-- Record excerpts --
********

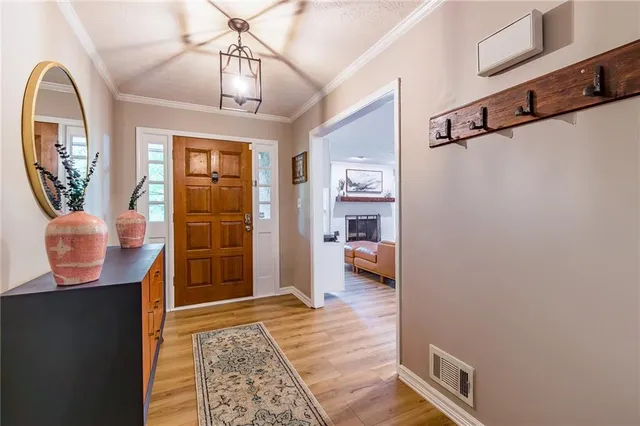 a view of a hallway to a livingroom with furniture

********

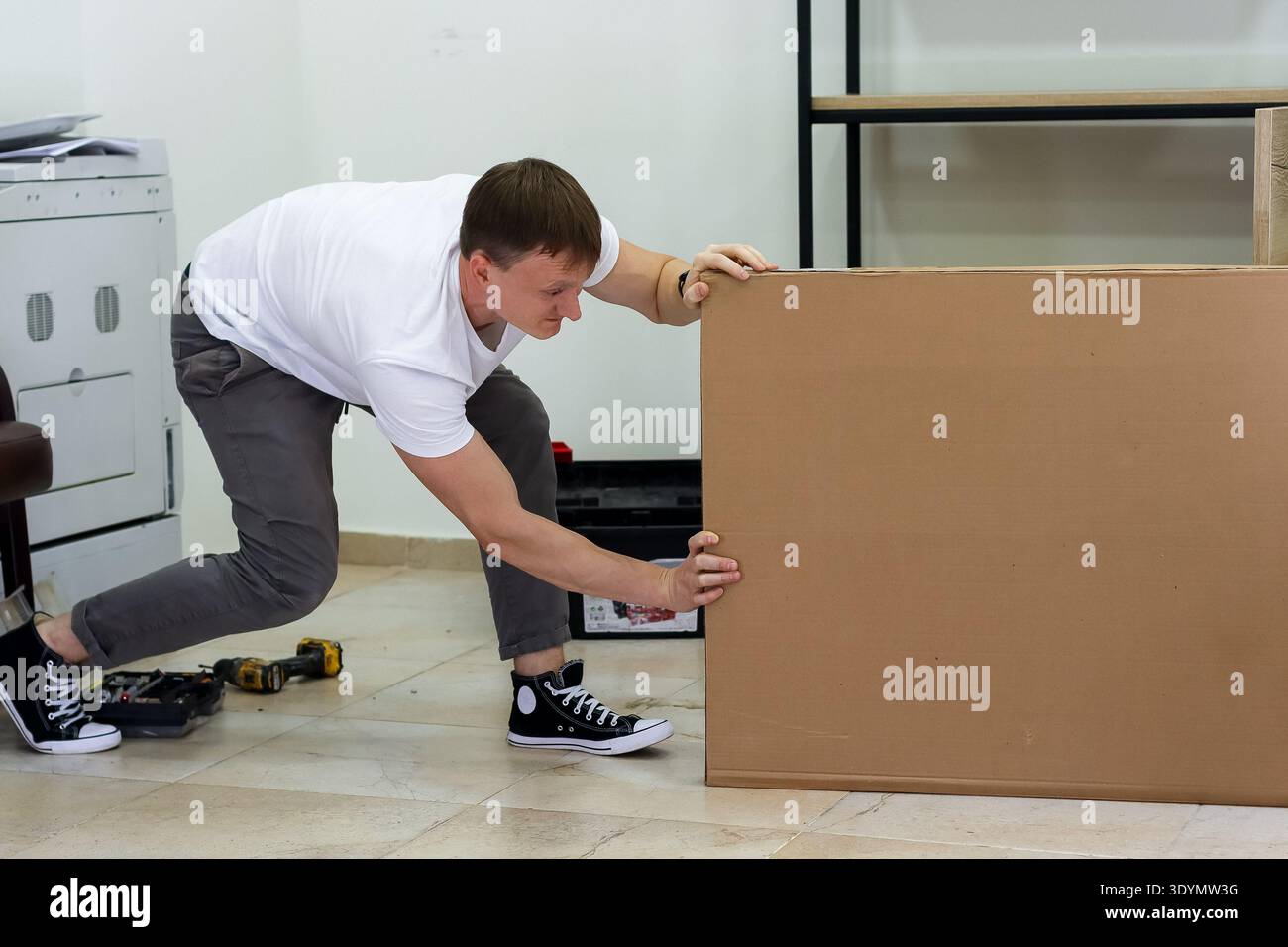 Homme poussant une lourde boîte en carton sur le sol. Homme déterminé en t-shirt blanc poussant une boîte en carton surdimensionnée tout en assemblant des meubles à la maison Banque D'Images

********

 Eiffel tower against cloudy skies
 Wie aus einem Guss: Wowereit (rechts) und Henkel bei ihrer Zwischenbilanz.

********

-- Exercise instructions --
Reproduce only the lines above, starting at the line with "Eiffel tower against cloudy skies" and ending at the line with "Wie aus einem", exactly as written.

-- Response box --
 Eiffel tower against cloudy skies
 Wie aus einem Guss: Wowereit (rechts) und Henkel bei ihrer Zwischenbilanz.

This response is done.